-- Opening Marker --
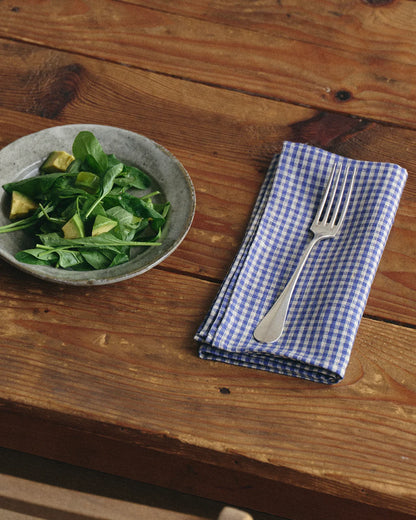 Linen Napkin | Blue natural check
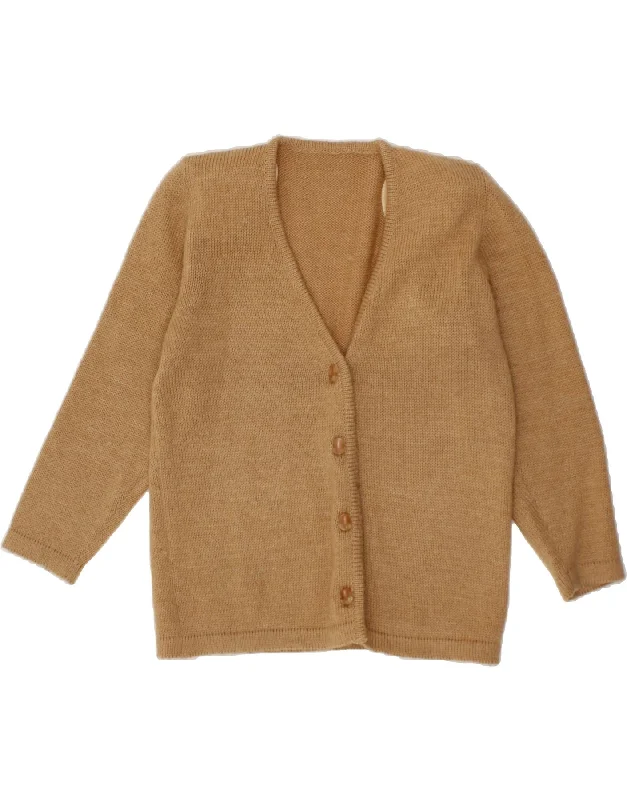 Act Fast VINTAGE Womens 3/4 Sleeve Cardigan Sweater UK 16 Large Beige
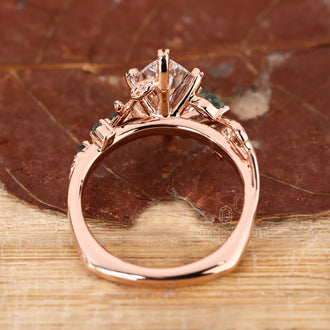 Buy engagement ring crafted with Dutch marquise and round side stones.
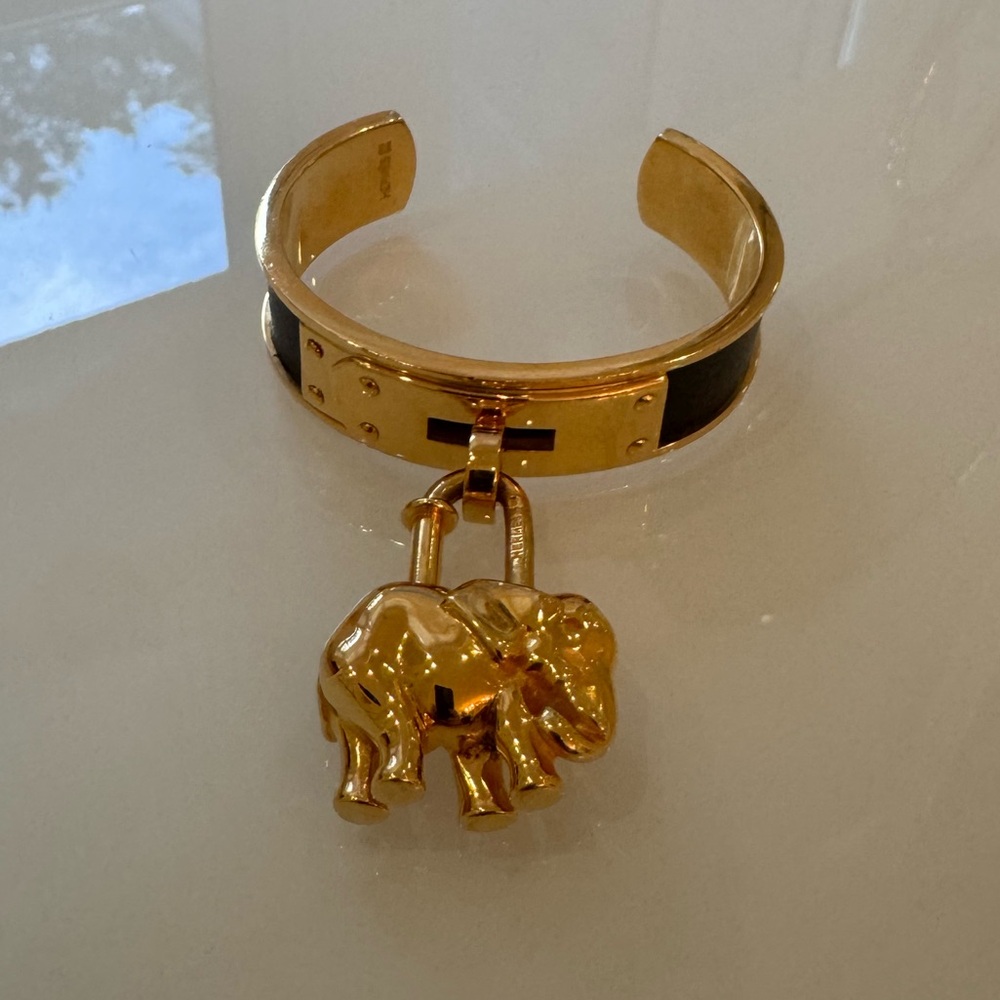 Hermes Gold Elephant Charm Bracelet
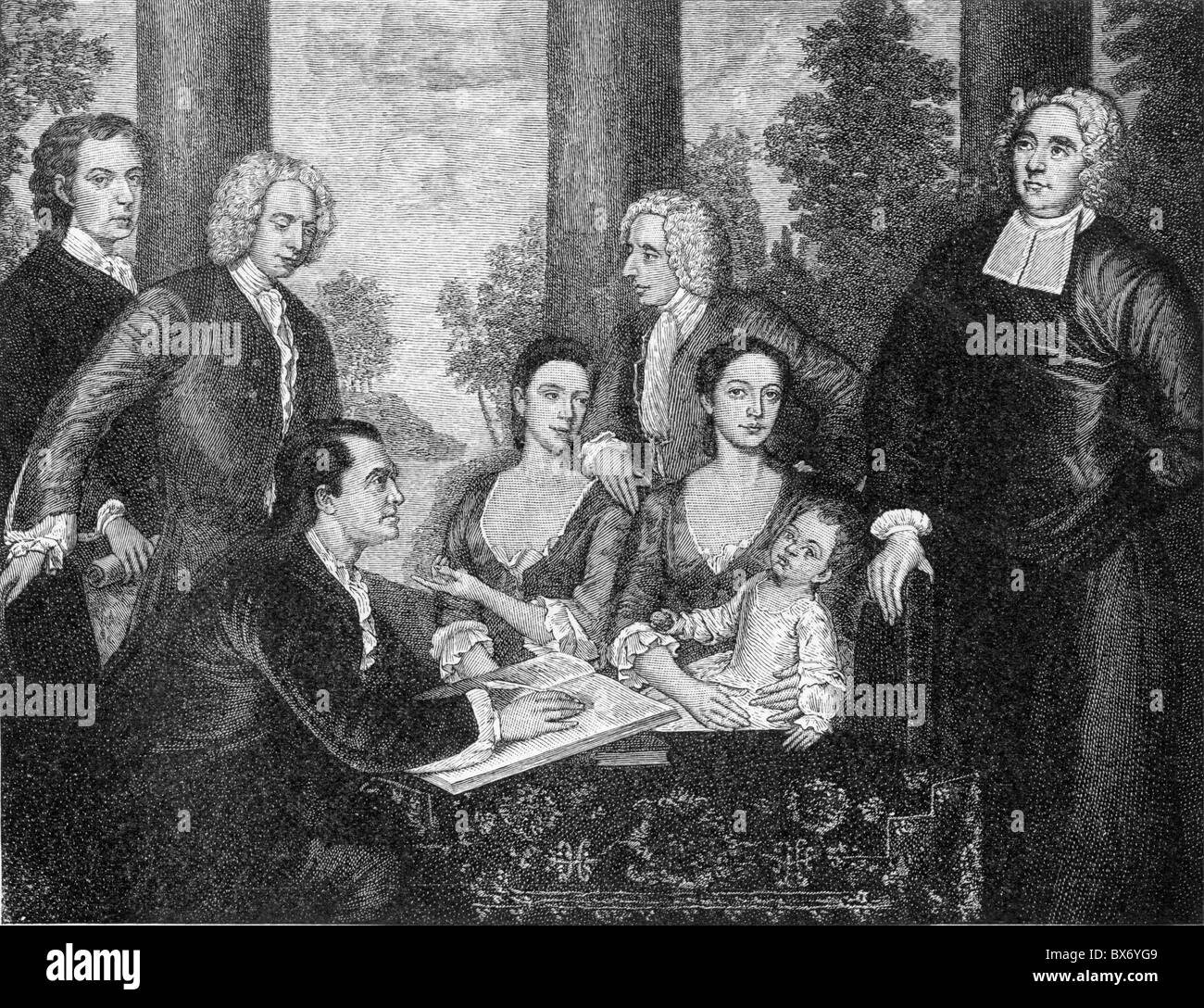 Dean Berkeley and his Missionary Entourage, circa 1729 after John Smybert; Black and White Illustration; Stock Photo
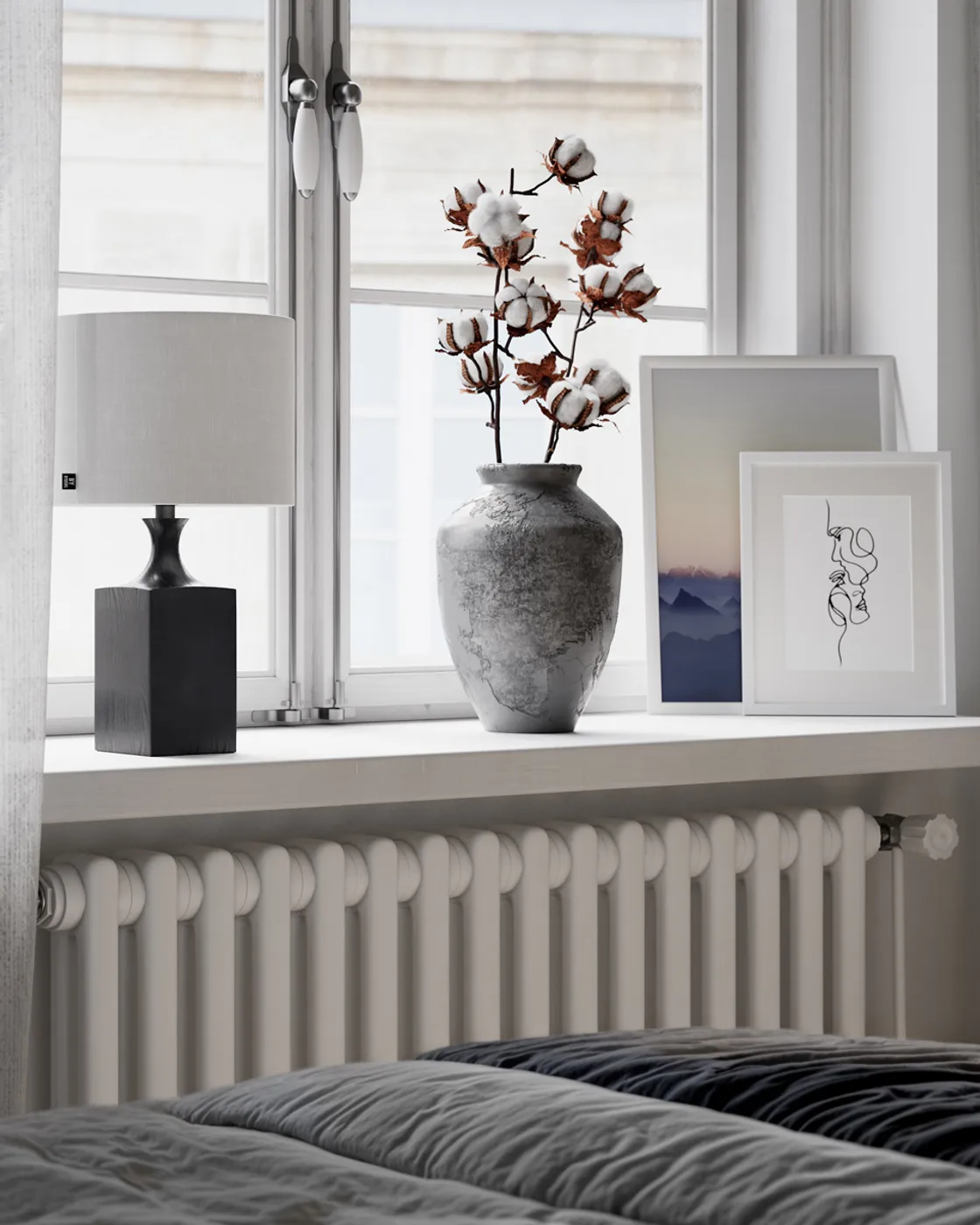 Woody bordslampa 41 cm, Svart-vit By Rydéns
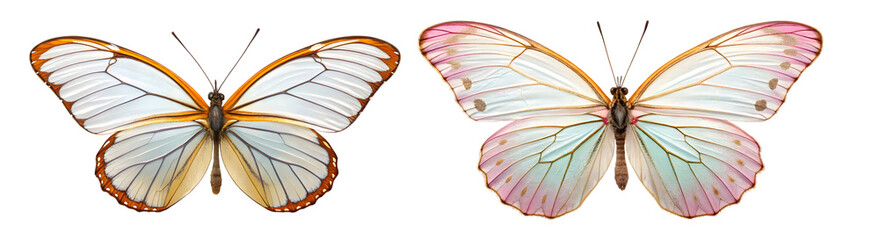 Discover the delicate beauty of two iridescent butterflies with stunning white, pink, and blue wings on transparent background, Png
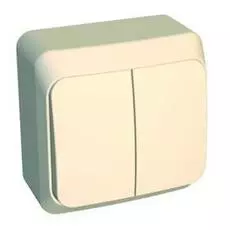 Выключатель Schneider Electric BA10-002K Этюд 2-клавишный, наружный,10 А, 220/250 В, IP20, в сборе (сх.5) (кремовый)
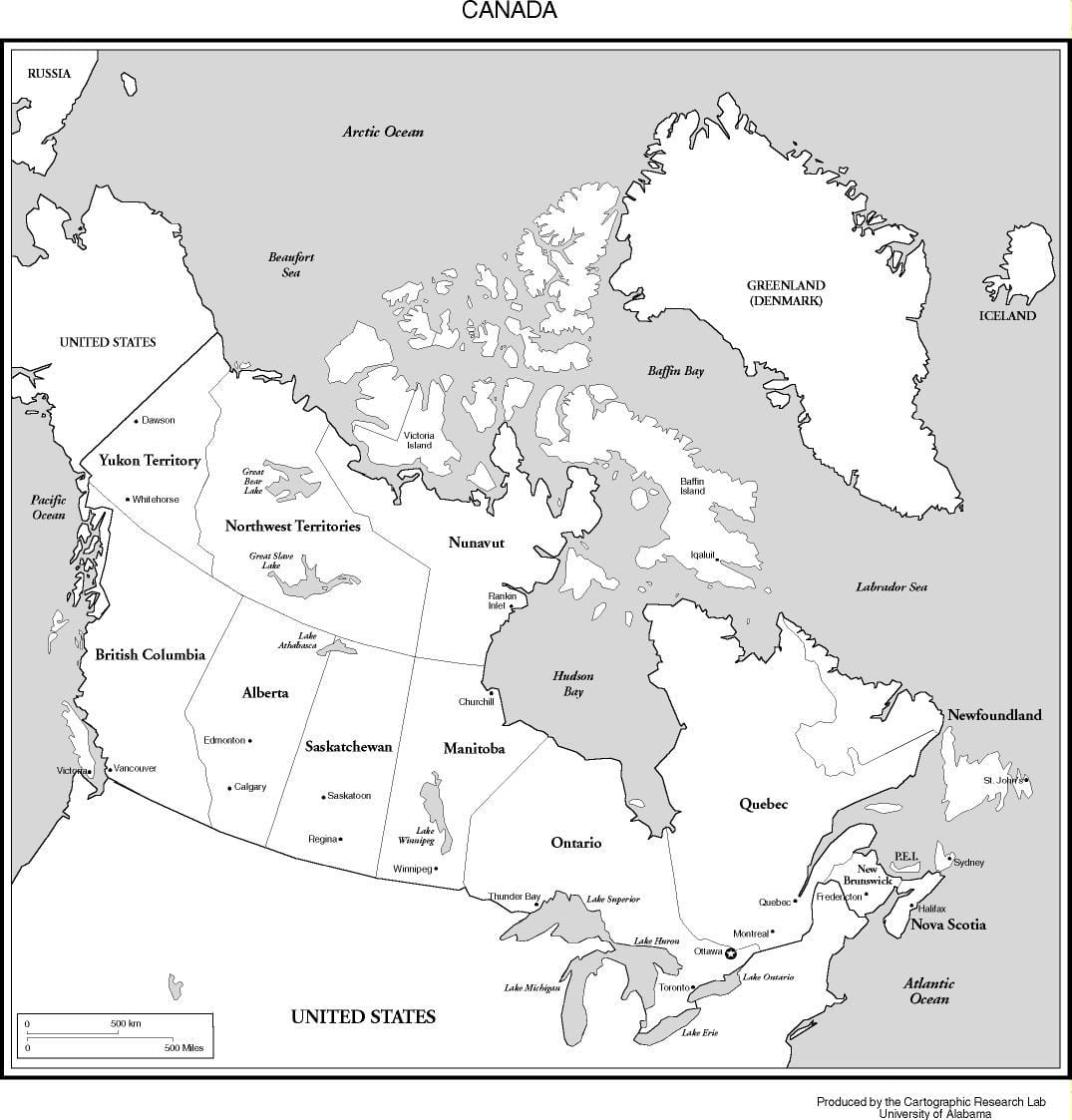 Mapa de canadá en blanco y negro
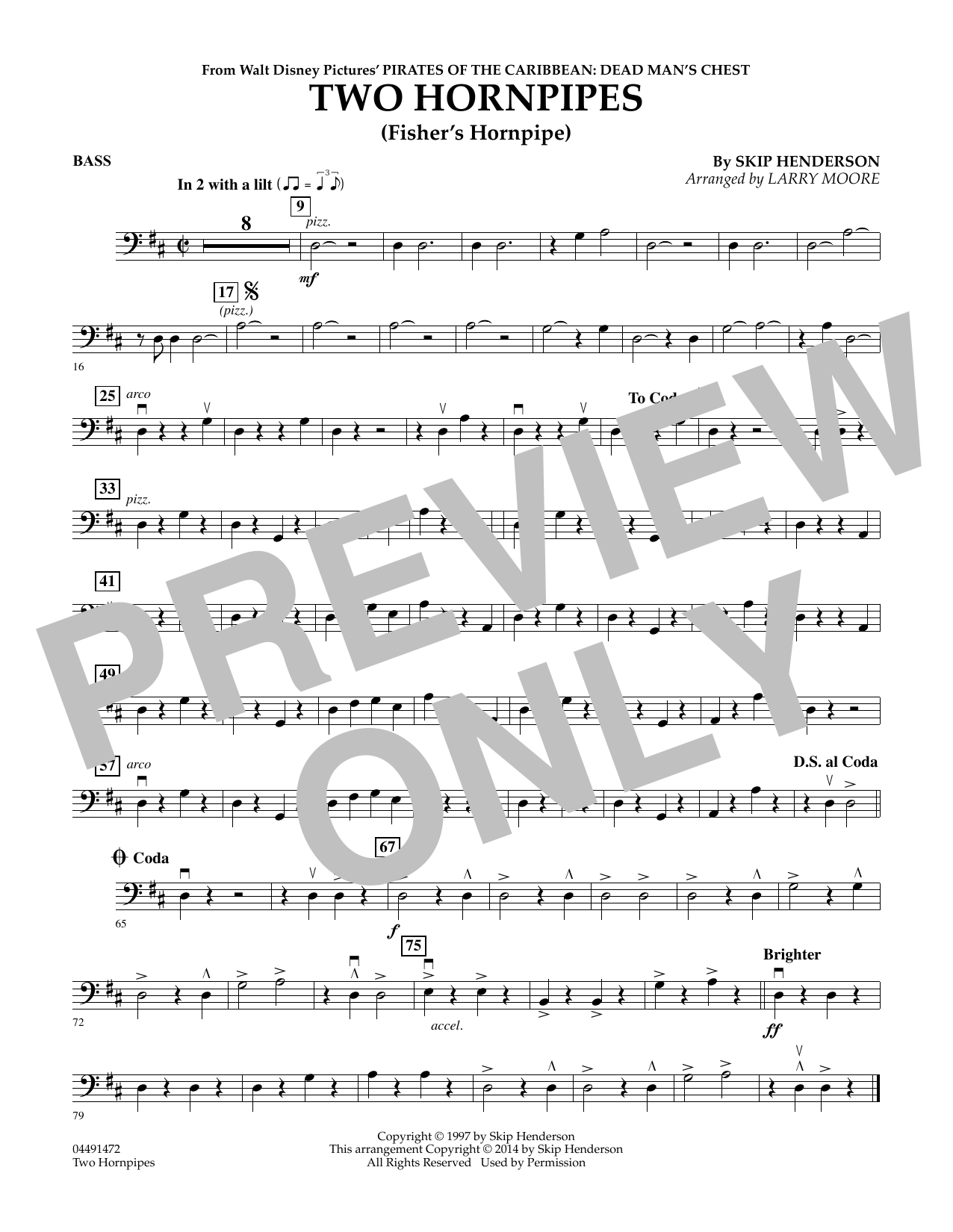 Larry Moore Two Hornpipes - Bass sheet music notes and chords arranged for Orchestra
-- Closing Marker --
TASK ITEM:
Exact repeat, pictures omitted: give every line from the top of the records down to and including the line with "Dean Berkeley and".

EXERCISE OUTPUT:
 Linen Napkin | Blue natural check
 Act Fast VINTAGE Womens 3/4 Sleeve Cardigan Sweater UK 16 Large Beige
 Buy engagement ring crafted with Dutch marquise and round side stones.
 Hermes Gold Elephant Charm Bracelet
 Dean Berkeley and his Missionary Entourage, circa 1729 after John Smybert; Black and White Illustration; Stock Photo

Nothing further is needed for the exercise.